Records for the task Block Start
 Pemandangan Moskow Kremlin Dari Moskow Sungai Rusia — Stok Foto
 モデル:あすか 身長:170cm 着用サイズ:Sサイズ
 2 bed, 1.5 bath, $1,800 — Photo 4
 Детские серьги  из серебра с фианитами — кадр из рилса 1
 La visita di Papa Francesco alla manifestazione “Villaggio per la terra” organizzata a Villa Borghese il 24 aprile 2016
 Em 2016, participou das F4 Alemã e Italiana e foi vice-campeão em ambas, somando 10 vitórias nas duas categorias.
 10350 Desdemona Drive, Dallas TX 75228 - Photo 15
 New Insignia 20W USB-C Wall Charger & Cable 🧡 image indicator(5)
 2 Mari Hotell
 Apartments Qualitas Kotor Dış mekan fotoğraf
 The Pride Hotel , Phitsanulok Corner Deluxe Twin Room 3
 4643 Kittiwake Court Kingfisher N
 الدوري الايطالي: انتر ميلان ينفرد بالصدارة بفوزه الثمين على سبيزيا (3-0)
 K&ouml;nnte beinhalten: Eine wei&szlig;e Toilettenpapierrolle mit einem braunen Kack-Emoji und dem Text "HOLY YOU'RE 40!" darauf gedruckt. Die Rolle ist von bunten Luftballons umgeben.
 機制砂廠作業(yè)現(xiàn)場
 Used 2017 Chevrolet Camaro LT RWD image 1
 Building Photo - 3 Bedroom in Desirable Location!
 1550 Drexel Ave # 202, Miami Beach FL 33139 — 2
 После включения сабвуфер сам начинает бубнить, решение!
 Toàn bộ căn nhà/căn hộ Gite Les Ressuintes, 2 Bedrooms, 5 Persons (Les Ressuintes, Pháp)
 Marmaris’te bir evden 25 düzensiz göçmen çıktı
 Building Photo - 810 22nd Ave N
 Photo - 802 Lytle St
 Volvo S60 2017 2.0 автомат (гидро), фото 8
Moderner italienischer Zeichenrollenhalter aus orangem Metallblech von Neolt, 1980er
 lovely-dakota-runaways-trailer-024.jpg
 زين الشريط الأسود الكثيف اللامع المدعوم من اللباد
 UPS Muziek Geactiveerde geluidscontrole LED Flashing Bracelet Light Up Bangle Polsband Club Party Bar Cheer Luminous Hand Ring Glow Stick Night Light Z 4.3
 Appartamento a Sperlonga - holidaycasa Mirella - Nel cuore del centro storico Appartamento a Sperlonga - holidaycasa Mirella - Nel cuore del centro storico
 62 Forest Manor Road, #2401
Records for the task Block End
#### Exercise description:
Word for word, restate the lines above from the line containing "2 Mari Hotell" through the line containing "Used 2017 Chevrolet Camaro LT RWD image 1", with both included and nothing else.

#### Written response:
 2 Mari Hotell
 Apartments Qualitas Kotor Dış mekan fotoğraf
 The Pride Hotel , Phitsanulok Corner Deluxe Twin Room 3
 4643 Kittiwake Court Kingfisher N
 الدوري الايطالي: انتر ميلان ينفرد بالصدارة بفوزه الثمين على سبيزيا (3-0)
 K&ouml;nnte beinhalten: Eine wei&szlig;e Toilettenpapierrolle mit einem braunen Kack-Emoji und dem Text "HOLY YOU'RE 40!" darauf gedruckt. Die Rolle ist von bunten Luftballons umgeben.
 機制砂廠作業(yè)現(xiàn)場
 Used 2017 Chevrolet Camaro LT RWD image 1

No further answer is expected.